Christmas time has a funny way of dragging our past out of its shadows and into the forefront of our mind.  Some times this is a good thing and sometimes it can be a trial.

For Joseph, during the census, he had to return to the town of his birth.  In some ways, this may have been great.  He may have seen old friends or family members.  He may have been able to take his soon-to-be wife to places where he used to hang out or show her things that he has told her stories about.

But we know in at least one way that having to return to the place of his birth was a difficult thing.  He had moved away from the town of his childhood and established a new life in Nazareth.  He had a woman that was about to become his wife and had a home and a carpentry business established there.  Now he had to travel back to his hometown and his new life was not fitting together well with his old life.  He was soon to find out that he no longer had a home there.

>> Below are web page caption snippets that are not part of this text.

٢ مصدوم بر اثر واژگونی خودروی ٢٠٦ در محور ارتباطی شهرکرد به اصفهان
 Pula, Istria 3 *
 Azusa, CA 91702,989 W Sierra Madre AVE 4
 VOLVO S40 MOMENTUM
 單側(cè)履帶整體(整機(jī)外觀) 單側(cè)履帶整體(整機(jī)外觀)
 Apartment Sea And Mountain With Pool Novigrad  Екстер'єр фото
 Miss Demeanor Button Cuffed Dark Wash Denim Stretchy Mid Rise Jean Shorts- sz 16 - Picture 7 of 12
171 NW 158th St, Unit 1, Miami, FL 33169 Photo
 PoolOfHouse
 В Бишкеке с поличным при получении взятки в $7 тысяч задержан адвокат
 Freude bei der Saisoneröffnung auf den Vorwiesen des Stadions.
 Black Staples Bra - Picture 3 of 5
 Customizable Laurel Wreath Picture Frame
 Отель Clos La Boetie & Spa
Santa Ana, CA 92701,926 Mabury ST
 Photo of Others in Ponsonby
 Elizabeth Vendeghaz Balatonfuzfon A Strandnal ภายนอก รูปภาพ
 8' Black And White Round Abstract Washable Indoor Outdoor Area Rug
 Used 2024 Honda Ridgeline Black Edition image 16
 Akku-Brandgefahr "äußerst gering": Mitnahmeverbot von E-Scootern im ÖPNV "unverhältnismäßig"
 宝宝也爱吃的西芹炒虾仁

As we grow as Christians, there are defining times for us that remind us that we no longer have a home in our past.  Someone who came to Christianity in adulthood may go back to their childhood home and see how Jesus has changed the kinds of relationships they have and how the relationships of their past don't really fit into the new model Christ has built in them.  Some who have grown up in the church their whole lives, may have grown up with a very legalistic view of Christianity or came from a church that put more emphasis on outward appearance than on the condition of your heart.  As that person has grown in Christ and has come to understand the true meaning of grace, going back to that old ideology, even if just for a few days during the holidays, can seemingly become uncomfortable or even blasphemous.  Or we may have put a past full of sin or a past that embarrasses us far behind us, only to have that past smack us in the face as soon as we return to "our own town".

Try not to let the conflict between the you of the past and the you that you are now bring you down this holiday season.  We are told repeatedly in scripture that what matters most is the new creation that Christ begins in us.  We should be looking at the present and looking forward, not focusing on the past.  And we should make a mental note to ourselves to deal with our issues in our past throughout the whole year so that we aren't suddenly bombarded with them at the holidays.  Our past effects us both positively and negatively and whether it is in the forefront of our mind or not.

Deal with your ghosts of Christmas pasts, and your Christmas present and Christmas future will thank you for it!